KRAS Mutation in Cancer
OncogeneKirsten Rat Sarcoma Viral Oncogene Homolog
KRAS encodes a GTPase that activates the RAS/MAPK signaling pathway, promoting cell growth and survival. KRAS mutations are common in lung, colorectal, and pancreatic cancers.
What Is KRAS?
KRAS (Kirsten Rat Sarcoma Viral Oncogene Homolog) encodes a small GTPase protein that acts as a molecular switch in the RAS/MAPK signaling pathway. When activated by growth factor receptors, KRAS triggers a cascade of signals promoting cell growth, proliferation, and survival. KRAS mutations lock the protein in its active "on" state, driving continuous cell proliferation independent of external growth signals.
KRAS Mutations in Cancer
KRAS is one of the most commonly mutated oncogenes, found in approximately 25% of all human cancers. It is particularly prevalent in pancreatic ductal adenocarcinoma (~90%), colorectal cancer (~40%), and non-small cell lung cancer (~30%). The most frequent mutations occur at codons 12 (G12D, G12V, G12C), 13 (G13D), and 61 (Q61H), each with distinct biochemical properties and clinical implications.
Therapeutic Landscape
For decades, KRAS was considered "undruggable" due to the protein's smooth surface lacking obvious drug-binding pockets. This changed with the development of KRAS G12C inhibitors (sotorasib, adagrasib), which covalently bind to the mutant cysteine. These represent a breakthrough in precision oncology, particularly for lung adenocarcinoma. Research into inhibitors for other KRAS mutations (G12D, G12V) is rapidly advancing.

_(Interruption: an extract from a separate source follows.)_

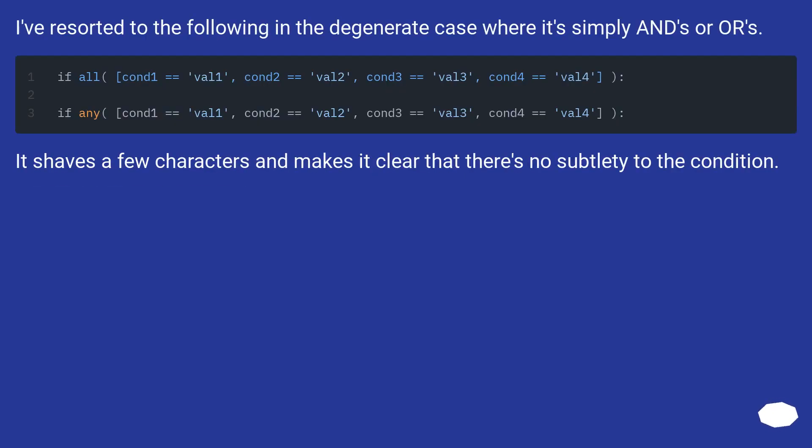I've resorted to the following in a degenerate case where it's simply ANDs or ORs. It shaves a few characters and makes it clear that there's no subtlety to the condition.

Morphological Associations
KRAS-mutant tumors display characteristic morphological features visible on H&E slides: mucinous differentiation patterns in colorectal cancer, specific growth patterns in lung adenocarcinoma, and altered stromal reactions. HistoAtlas quantifies these morphological differences computationally across cancer types, linking KRAS status to tissue-level changes in cell composition, density, and spatial organization.
Frequently Asked Questions
What is a KRAS mutation?
A KRAS mutation is a DNA change in the KRAS gene that locks the KRAS protein in its active state, continuously signaling cells to grow and divide. KRAS mutations are found in about 25% of all cancers and are especially common in pancreatic, colorectal, and lung cancers.
Is KRAS mutation hereditary?
KRAS mutations in cancer are almost always somatic (acquired, not inherited). However, germline KRAS mutations can cause developmental disorders like Noonan syndrome, which carries a modestly increased cancer risk. Standard cancer-associated KRAS mutations (G12C, G12D, etc.) are not passed from parent to child.
Can KRAS mutations be treated?
Yes — KRAS G12C mutations can now be treated with targeted inhibitors (sotorasib, adagrasib), approved for lung cancer and under investigation in other tumor types. Inhibitors for other KRAS mutations (G12D) are in clinical trials. KRAS-mutant tumors are typically resistant to EGFR-targeted therapies.